====== Provided records

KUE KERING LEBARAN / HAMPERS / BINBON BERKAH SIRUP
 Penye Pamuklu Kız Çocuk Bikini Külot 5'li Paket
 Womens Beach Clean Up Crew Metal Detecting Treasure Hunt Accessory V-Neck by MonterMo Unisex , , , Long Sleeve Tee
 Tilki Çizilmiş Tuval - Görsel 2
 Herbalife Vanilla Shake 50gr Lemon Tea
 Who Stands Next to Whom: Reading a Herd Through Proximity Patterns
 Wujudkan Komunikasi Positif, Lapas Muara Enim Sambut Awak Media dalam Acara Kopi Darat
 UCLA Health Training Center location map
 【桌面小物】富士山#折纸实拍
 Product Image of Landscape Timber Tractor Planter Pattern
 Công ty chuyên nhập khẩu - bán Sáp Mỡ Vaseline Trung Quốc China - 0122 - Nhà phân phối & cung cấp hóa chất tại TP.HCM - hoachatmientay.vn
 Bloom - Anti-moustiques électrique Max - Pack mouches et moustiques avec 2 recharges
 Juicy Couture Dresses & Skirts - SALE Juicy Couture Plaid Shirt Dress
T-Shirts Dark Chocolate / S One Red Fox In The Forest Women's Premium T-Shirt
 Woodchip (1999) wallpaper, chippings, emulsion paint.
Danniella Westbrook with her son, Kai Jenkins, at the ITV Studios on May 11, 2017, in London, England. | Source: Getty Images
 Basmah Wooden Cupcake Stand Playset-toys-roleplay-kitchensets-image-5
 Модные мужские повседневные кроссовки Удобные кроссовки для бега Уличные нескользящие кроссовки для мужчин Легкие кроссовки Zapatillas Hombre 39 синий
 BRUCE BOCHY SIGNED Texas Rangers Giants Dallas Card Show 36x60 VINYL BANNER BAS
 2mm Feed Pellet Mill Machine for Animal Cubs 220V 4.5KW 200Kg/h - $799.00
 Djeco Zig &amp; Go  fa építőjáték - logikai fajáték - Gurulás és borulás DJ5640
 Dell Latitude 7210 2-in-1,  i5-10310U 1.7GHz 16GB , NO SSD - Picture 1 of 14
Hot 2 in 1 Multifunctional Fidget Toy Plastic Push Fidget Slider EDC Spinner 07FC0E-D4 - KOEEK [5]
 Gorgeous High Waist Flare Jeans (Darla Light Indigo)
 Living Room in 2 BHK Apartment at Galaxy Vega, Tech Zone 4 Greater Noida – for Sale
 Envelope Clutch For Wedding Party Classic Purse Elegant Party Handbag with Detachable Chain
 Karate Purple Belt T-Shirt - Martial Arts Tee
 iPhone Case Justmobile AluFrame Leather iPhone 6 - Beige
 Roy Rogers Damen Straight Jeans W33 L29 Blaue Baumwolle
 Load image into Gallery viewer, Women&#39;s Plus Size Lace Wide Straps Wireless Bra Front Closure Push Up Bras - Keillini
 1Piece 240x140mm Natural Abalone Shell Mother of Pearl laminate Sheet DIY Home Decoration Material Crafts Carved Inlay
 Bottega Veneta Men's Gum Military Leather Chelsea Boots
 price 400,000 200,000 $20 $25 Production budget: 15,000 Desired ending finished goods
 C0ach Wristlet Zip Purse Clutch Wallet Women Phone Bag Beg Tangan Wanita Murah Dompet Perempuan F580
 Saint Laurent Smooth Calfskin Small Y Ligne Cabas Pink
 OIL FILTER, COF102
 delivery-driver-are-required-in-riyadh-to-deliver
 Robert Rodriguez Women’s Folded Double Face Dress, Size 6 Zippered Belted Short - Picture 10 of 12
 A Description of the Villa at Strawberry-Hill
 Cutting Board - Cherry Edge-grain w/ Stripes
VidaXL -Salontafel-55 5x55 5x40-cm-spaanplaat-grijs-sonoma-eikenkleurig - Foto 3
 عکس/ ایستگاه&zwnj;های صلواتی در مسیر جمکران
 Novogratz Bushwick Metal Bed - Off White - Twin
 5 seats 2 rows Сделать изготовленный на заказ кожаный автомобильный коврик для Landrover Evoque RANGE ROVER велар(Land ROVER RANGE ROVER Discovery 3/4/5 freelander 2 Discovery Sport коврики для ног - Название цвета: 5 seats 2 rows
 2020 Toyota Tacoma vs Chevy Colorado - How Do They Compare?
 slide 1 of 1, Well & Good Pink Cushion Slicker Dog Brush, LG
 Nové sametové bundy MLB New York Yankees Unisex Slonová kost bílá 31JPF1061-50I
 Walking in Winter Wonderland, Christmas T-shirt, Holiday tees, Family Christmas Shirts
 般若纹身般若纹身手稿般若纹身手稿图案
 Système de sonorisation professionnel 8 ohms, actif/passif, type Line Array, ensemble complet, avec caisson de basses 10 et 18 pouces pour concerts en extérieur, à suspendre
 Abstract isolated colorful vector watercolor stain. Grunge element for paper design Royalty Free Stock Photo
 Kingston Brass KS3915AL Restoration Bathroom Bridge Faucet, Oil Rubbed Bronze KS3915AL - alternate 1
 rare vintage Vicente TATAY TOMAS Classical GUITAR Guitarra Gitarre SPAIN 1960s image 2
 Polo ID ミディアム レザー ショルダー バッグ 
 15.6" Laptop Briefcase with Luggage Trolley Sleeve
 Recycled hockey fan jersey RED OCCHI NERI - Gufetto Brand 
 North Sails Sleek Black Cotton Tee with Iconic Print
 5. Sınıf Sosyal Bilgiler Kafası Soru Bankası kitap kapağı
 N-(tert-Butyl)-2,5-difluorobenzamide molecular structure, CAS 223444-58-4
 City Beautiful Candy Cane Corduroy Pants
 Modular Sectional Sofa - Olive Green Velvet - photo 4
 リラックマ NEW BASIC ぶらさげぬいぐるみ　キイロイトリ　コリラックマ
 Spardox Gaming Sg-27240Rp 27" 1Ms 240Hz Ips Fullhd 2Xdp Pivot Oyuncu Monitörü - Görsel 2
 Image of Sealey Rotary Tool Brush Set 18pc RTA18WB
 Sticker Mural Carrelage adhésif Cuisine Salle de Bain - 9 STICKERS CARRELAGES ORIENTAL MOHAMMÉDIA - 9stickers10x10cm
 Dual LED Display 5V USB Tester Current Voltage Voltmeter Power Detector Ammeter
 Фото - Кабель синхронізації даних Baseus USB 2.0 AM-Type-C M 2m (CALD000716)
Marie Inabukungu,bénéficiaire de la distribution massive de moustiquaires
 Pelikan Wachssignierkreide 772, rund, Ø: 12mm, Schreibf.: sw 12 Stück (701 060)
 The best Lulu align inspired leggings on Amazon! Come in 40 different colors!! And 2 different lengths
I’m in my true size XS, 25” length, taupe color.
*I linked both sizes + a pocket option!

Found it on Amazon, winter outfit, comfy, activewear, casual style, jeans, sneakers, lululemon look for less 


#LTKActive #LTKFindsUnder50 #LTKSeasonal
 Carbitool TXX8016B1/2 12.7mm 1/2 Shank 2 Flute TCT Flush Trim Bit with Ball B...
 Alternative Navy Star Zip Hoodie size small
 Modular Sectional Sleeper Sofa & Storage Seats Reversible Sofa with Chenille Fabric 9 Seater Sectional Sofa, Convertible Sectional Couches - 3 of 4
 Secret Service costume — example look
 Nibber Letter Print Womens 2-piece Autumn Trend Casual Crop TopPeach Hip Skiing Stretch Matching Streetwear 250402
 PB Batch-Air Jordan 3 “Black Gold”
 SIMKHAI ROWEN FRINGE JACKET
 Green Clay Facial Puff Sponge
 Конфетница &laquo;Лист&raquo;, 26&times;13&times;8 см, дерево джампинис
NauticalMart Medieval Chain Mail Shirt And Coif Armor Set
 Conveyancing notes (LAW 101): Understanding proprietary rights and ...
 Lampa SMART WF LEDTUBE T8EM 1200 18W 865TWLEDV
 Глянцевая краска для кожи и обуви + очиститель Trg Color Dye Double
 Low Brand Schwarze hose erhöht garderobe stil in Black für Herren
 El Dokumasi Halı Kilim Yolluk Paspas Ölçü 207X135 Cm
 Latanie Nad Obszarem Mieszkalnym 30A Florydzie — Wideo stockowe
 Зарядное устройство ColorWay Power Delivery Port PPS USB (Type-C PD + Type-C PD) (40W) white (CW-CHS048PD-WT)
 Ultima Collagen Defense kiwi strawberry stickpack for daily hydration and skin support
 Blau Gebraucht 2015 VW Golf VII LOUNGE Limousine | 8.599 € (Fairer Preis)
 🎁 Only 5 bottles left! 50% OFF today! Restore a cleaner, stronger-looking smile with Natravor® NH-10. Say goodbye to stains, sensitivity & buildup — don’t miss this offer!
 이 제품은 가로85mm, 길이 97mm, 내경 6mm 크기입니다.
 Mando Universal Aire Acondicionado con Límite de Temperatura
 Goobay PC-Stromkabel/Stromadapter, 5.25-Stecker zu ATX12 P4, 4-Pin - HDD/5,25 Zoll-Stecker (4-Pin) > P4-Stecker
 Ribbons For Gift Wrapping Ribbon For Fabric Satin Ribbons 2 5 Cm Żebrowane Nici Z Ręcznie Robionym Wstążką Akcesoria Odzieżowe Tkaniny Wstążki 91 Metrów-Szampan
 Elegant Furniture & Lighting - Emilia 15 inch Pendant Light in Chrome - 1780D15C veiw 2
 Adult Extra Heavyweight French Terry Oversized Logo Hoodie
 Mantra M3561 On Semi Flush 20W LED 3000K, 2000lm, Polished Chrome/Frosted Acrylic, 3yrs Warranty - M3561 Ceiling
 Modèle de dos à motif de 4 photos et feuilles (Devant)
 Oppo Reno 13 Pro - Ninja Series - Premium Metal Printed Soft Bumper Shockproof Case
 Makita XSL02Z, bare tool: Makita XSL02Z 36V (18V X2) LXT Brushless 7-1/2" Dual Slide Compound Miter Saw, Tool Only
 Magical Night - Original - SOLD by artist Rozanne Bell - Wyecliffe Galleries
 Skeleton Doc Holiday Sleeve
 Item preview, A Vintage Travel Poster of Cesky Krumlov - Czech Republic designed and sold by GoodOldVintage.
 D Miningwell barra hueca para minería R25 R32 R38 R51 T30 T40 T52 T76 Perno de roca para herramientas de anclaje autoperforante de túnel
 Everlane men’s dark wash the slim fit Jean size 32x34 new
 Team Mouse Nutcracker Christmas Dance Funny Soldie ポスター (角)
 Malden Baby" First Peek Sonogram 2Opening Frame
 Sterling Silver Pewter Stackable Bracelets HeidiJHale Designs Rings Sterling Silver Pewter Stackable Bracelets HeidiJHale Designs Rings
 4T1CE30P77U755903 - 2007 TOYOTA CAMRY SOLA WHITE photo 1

============

_Instructions to follow_
Out of the records, collect only those lines that contain the string "Modular".

_Solution_
 Modular Sectional Sofa - Olive Green Velvet - photo 4
 Modular Sectional Sleeper Sofa & Storage Seats Reversible Sofa with Chenille Fabric 9 Seater Sectional Sofa, Convertible Sectional Couches - 3 of 4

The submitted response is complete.